Baby in fresh nappy. Image courtesy of photostock at

Baby in fresh nappy, hopefully changed by daddy. Image courtesy of photostock at

I read with interest the article by Kasey Edwards, “French fathers don’t change nappies” that appeared in the Sydney Morning Herald. Why is it that a woman is saying the following?

“Men have more important things to do than change nappies.” Valeire Pecresse, French conservative politician.

When you decide to have children you do it as a couple not as an individual, well that my point of view. I for one don’t think that a woman would want to not have help with the baby and if the father decides they are above changing a nappy how does this helps the mother take a break away from the child?  If the other parent cannot handle this duty then it is not fair to the mother and of course other help might be needed.

My husband helped out and changed his fair share of nappies, although I do agree in the article from Edwards that I did do more than hubby but that was due to him working and me being home more often with the twins.

That said, he did step up and care for his girls and make sure that a new nappy was in place no matter how terrible it was to deal with the old nappy. I am proud that he is a man that can deal with this.

I am not understanding why in 2013 this talk about men being more important to help their family and their new child. Why are men considered more important than the woman? Why is the man not wanting to help their child and give their lovely wife/partner a break?

Other women have been noted in this article saying that their men did not help with nappy changing duties, Madonna said that Guy Ritchie did not change a nappy as it is not a man’s job, interesting. A man can get you pregnant and a man can claim that he is helping and supportive but cannot change a nappy. Well helping with a nappy and child care is manly in my book. What about you?

According to the article it also lists Carla Bruni-Sarkozy mentioning her husband Nicholas Sarkozy did not help due to the fact that he is ‘a Latin Man’, not sure why this is something that makes you not help but he used it and it worked for him. Could the same be used the other way, I am ‘a Latin Woman’ therefore I cannot do certain things. Not sure why it would help you get out of doing personally. If you know please let me know.
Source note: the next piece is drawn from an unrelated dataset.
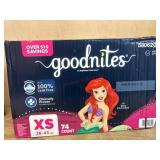 Goodnites XS Nighttime Underwear, 74 Count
Honestly if you tried that on me it would not pass and you would be so much strife your life would not be worth living. Dealing with twins as my first kids you can imagine the amount of nappies I changed and that we were faced with. Hubby had to help whether he liked it or not. He, as I mentioned was on board and loved being with his girls, and nappies was part and parcel of this.

Did your husband/partner help with changing nappies? Have they helped with all things baby and child? Or has it been just you? Send in your comments.

2 Responses
  • Lizzy Allan
    August 28, 2013

    This is a great post, Suzanne. My partner, like Carla Bruni’s, is also ‘Latin’; he’s from Sicily. However, if there’s a nappy to be changed, he steps up to the job. In fact, he doesn’t just do it to get the job done, he genuinely enjoys it and coos and chats to our daughter as he does it, giving her heaps of attention and not rushing it at all. Unfortunately, he is an exception and I can definitely not imagine either of his two brothers ever changing one single nappy if they ever have any children of their own. My mother-in-law never asked her husband to change a nappy either. What annoys me in particular is when women like Valeire Pecresse make comments like that. What a load of BS. How are we ever going to achieve genuine equality between the sexes if women themselves have this attitude. I’m sure my mother-in-law agrees with Pecresse. I’m sure she was shocked when she visited from Sicily to see her son changing nappies. What I’d like to know is what these “more important things” that men have to do actually are, in this woman’s opinion. Fair enough, when they’re at work, they’re at work, but when they’re at home, they should contribute. My grandmother used to say “a man works from sun to sun, but a woman’s work is never done”. Mother’s need a little break sometimes too, or our mental health goes down the drain. Usually, when my partner is changing a nappy, I use those five minutes to do some other domestic duty anyway. My daughter loves getting her nappy changed; she loves the attention, the eye contact, the raspberries we blow on her belly. In my opinion, any father who refuses to change nappies is not only selfish, he’s also missing out on some of the most precious baby moments.

    • Suzanne
      August 28, 2013

      Hi Lizzy, well written and agree with you 110%. My wonderful husband did nappy duty and enjoyed the bonding time with his girls. He adores them and if he can, he helps out.